It is worth noting that partial critical values \(C_{I\alpha }\) and \(C_{S\alpha }\) of parametric tests, which depend on distribution F,  sample size n and margins \((\varepsilon _{I},\varepsilon _{S}),\) according to Lehmann (1986) and Wellek (2010) are to be numerically determined (also UI.3, Sect. 7.1). Essentially, these values can coincide only asymptotically with the standard critical values (e.g. as \(z_{\alpha }\) or \(t_{\alpha },\) etc.) in use with traditional two-sided tests. Thus, in our terminology, they also must be calibrated.

In some literature, the non-calibrated IU-TOST (naive) solution \({\ddot{T}}_{G}\) is often considered (e.g. Anderson-Cook and Borror 2016; Berger and Hsu 1996; Lakens 2017; Pardo 2014; Patterson and Jones 2017; Richter and Richter 2002). This solution satisfies condition a) but not b), thus it is far from being unbiased, unless sample sizes and/or margins are sufficiently large (e.g. Sect. 5 and Supplementary Material).

When optimal likelihood solutions \(T_{G}^{opt}\) and \({\tilde{T}}_{G}^{opt}\) are available then for divergent sample sizes, under their conditions, we have \(T_{G}\rightarrow T_{G}^{opt}\) and \({\tilde{T}}_{G}\rightarrow {\tilde{T}} _{G}^{opt}\) at quite a high rate (Hoeffding 1952).

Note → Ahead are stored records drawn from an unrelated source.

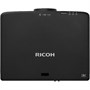 Проектор Ricoh PJ-WUL6680 8500-Lumen WUXGA Laser DLP Projector 432666 29428202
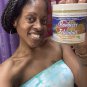 Bonheur Felicidad -3's a Charm-
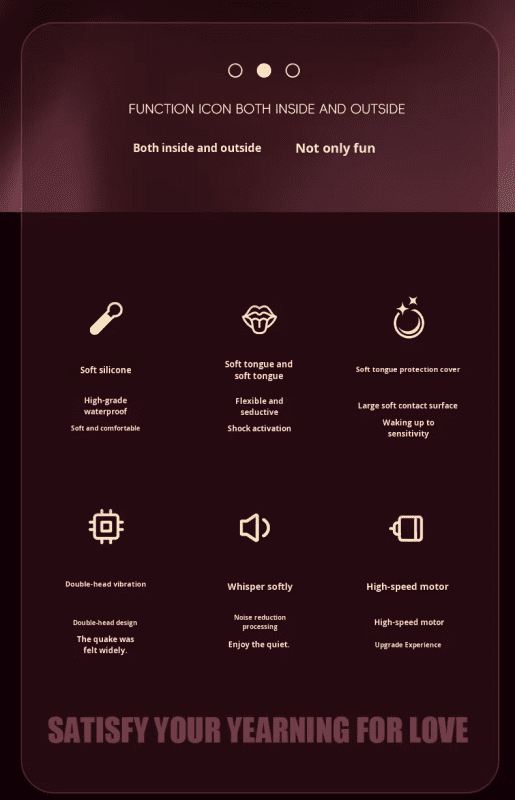 微信图片_20251230132346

Computational details and related algorithms are in Arboretti et al. (2018) for the IU-NPC and in Pesarin et al. (2016) for the UI-NPC (see also the Supplementary Material). Of course, by using \(T_{G}^{ob}=T_{G}({\mathbf {X}})\) and \({\tilde{T}}_{G}^{ob}({\mathbf {X}})\) to denote the observed values of test statistics \(T_{G}\) and \({\tilde{T}}_{G},\) respectively, if p value statistics of the IU-NPC \(T_{G}\) test \(\lambda _{T_{G}}=\Pr \{T_{G}^{*}\ge T_{G}^{ob}|{\mathbf {X}}\}\le \alpha ^{c},\) then the NEq hypothesis H is rejected at significance level \(\alpha\) (the naive IU-TOST \({\ddot{T}}_{G}\) rejects H if \(\lambda _{T_{G}} \le \alpha\); so its true type I error remains unknown, depending on F,  data \({\mathbf {X}}\) and margins \(\varepsilon _{I}\), \(\varepsilon _{S}\)). Correspondingly, if the UI-NPC test \({\tilde{T}}_{G}\) gives \(\lambda _{\tilde{T}_{G}}=\Pr \{{\tilde{T}}_{G}^{*}\ge {\tilde{T}}_{G}^{ob}|{\mathbf {X}} \}\le {\tilde{\alpha }}^{c},\) then the Eq hypothesis \({\tilde{H}}\) is rejected at significance level \(\alpha\). In practice p value statistics are estimated, at any desired confidence rate, by a conditional Monte Carlo procedure as: \({\hat{\lambda }}_{h}=\#[T_{h}({\mathbf {X}}^{*})\ge T_{h} ^{ob}|\mathbf {X]/}R,\) where \(T_{h}\) stands for \(T_{I},T_{S},T_{G},\tilde{T}_{T},{\tilde{T}}_{S},{\tilde{T}}_{G}\) and R is the number of random permutations.

4 NPC limiting behavior for IU and UI

Let us assume that population mean \({\mathbf {E}}_{F}(X)\) is finite, so that \({\mathbf {E}}({\bar{X}}^{*}|{\mathbf {X}})\) is also finite for almost all sample data \({\mathbf {X}},\) where \({\bar{X}}^{*}\) is the sample mean of a without replacement random sample of \(n_{1}\) or \(n_{2}\) elements from \({\mathbf {X}},\) taken as a finite population.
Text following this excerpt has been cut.